Action item - From the records below, please return each line that holds the word "Sneakers".

Input data -

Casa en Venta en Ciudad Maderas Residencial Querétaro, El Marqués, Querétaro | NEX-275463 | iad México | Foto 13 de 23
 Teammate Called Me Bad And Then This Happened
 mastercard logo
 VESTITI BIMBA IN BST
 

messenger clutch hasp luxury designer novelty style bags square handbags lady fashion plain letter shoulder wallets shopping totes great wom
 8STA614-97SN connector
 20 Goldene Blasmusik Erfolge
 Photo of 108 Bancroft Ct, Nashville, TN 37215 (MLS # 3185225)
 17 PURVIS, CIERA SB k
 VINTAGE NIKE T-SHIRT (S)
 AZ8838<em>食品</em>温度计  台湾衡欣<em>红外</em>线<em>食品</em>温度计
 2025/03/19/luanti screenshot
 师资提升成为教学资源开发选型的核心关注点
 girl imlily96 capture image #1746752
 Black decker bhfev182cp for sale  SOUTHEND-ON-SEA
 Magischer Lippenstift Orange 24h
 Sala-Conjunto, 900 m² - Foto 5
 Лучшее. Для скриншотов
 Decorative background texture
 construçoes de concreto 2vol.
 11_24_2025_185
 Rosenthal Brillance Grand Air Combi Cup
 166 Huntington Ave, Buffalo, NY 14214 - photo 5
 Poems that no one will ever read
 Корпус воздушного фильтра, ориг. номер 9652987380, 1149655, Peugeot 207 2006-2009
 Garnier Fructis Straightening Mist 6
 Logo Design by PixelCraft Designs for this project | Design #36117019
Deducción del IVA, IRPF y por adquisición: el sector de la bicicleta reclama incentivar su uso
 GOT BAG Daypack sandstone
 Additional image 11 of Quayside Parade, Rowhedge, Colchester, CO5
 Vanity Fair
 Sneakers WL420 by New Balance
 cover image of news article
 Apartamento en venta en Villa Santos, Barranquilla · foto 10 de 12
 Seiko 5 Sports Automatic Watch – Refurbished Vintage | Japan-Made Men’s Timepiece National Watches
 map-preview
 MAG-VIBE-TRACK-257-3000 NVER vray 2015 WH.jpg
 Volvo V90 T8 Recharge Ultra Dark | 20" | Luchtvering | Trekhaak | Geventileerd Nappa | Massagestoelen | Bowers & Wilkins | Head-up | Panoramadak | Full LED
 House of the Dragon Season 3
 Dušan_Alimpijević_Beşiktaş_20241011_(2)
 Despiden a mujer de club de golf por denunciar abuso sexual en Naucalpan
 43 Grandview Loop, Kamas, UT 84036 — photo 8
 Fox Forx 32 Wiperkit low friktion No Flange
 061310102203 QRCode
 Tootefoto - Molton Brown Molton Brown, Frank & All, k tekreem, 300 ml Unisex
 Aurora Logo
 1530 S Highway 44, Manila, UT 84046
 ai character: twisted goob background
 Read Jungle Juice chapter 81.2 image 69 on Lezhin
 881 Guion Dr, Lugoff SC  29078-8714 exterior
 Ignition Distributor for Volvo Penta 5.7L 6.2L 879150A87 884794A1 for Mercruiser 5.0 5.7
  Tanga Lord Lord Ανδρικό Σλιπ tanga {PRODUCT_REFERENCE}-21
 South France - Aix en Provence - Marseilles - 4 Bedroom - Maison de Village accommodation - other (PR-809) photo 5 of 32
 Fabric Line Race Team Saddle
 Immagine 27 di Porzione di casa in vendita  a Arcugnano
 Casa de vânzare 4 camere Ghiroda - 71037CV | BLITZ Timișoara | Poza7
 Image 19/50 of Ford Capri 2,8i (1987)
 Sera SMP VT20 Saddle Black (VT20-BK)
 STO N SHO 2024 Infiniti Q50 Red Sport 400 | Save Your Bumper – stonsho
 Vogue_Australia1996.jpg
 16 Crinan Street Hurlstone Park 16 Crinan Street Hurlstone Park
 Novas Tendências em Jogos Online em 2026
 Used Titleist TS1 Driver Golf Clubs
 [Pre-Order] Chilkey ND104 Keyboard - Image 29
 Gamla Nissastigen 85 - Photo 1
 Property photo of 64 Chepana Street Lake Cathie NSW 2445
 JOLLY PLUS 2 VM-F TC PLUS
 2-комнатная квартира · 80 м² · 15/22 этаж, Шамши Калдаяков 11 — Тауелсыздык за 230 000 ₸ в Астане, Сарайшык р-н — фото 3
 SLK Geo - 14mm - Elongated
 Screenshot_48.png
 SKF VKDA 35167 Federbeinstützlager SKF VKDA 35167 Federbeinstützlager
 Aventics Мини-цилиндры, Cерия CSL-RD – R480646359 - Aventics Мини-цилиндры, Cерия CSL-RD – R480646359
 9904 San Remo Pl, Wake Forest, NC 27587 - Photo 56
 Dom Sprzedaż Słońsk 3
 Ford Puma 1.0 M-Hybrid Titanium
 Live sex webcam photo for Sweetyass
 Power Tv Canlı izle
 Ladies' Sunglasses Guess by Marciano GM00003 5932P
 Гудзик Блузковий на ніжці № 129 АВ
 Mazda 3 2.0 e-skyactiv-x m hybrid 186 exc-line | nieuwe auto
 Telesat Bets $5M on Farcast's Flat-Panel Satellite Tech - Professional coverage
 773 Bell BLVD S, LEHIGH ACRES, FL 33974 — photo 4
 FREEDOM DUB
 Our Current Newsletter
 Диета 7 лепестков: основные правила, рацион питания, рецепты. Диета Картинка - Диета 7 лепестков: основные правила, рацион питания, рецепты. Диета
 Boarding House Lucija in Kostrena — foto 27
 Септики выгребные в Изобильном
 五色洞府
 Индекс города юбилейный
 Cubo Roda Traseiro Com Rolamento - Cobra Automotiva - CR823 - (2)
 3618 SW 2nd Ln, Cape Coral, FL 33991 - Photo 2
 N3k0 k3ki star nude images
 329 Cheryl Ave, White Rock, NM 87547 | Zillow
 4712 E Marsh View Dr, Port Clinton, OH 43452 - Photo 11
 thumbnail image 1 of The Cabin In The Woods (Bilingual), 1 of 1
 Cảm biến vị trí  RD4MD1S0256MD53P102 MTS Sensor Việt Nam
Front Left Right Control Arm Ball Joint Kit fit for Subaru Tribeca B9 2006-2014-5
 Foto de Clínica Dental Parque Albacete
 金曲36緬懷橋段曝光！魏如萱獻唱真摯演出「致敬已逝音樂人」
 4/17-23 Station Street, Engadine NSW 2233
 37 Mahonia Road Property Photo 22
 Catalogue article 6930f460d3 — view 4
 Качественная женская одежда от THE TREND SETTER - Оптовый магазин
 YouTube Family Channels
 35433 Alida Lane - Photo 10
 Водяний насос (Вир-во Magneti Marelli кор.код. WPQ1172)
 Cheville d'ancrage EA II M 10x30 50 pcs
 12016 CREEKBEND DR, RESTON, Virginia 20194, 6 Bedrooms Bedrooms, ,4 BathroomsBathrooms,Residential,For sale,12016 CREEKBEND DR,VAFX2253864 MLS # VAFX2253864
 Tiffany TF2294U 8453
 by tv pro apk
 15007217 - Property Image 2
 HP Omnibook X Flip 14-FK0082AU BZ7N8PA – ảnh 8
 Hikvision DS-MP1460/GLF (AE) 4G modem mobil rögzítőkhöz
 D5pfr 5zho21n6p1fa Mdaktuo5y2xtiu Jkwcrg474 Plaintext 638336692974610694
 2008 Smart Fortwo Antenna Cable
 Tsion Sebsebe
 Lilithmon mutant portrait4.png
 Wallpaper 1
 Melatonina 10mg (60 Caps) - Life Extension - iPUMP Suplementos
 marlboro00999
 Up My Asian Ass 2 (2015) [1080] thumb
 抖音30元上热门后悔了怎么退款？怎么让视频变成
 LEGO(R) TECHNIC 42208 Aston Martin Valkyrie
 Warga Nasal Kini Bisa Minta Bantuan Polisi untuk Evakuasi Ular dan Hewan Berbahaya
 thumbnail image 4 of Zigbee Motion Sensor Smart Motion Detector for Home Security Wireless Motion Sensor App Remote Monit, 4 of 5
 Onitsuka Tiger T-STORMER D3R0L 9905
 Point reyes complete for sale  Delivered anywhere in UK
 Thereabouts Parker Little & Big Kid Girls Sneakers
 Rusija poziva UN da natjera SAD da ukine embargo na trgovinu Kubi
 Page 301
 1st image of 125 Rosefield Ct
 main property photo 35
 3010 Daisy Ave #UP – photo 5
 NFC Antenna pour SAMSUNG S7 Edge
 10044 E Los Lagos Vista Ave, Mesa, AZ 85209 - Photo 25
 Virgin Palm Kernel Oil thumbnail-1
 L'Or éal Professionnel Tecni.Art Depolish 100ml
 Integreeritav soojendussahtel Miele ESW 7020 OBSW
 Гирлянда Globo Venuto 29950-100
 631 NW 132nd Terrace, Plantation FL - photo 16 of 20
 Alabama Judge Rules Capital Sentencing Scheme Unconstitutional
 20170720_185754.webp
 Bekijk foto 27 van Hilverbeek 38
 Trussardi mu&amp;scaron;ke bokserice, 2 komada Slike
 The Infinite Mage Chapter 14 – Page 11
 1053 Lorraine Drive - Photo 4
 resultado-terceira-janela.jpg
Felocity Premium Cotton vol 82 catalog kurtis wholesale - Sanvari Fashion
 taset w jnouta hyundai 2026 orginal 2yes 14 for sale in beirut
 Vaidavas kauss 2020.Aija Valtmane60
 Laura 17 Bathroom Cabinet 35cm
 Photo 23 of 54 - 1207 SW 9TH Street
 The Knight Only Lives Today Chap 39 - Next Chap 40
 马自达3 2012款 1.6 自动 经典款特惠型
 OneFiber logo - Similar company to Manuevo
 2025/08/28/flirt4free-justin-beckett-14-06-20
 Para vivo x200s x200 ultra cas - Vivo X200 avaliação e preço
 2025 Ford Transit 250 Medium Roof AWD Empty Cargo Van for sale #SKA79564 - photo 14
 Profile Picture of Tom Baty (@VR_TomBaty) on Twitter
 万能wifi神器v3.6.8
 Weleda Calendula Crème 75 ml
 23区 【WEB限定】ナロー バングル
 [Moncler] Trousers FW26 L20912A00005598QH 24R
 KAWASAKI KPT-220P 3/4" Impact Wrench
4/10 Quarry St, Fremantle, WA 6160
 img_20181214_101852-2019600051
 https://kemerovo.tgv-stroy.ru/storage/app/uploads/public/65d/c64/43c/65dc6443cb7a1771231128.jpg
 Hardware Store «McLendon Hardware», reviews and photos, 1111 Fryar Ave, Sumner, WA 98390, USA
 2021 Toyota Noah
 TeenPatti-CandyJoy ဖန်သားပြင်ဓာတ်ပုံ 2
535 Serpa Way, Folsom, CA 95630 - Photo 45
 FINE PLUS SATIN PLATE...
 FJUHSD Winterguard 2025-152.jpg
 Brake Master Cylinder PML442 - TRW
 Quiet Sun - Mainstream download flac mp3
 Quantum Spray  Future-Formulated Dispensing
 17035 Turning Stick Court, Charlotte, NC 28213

Solution -
 Sneakers WL420 by New Balance
 Thereabouts Parker Little & Big Kid Girls Sneakers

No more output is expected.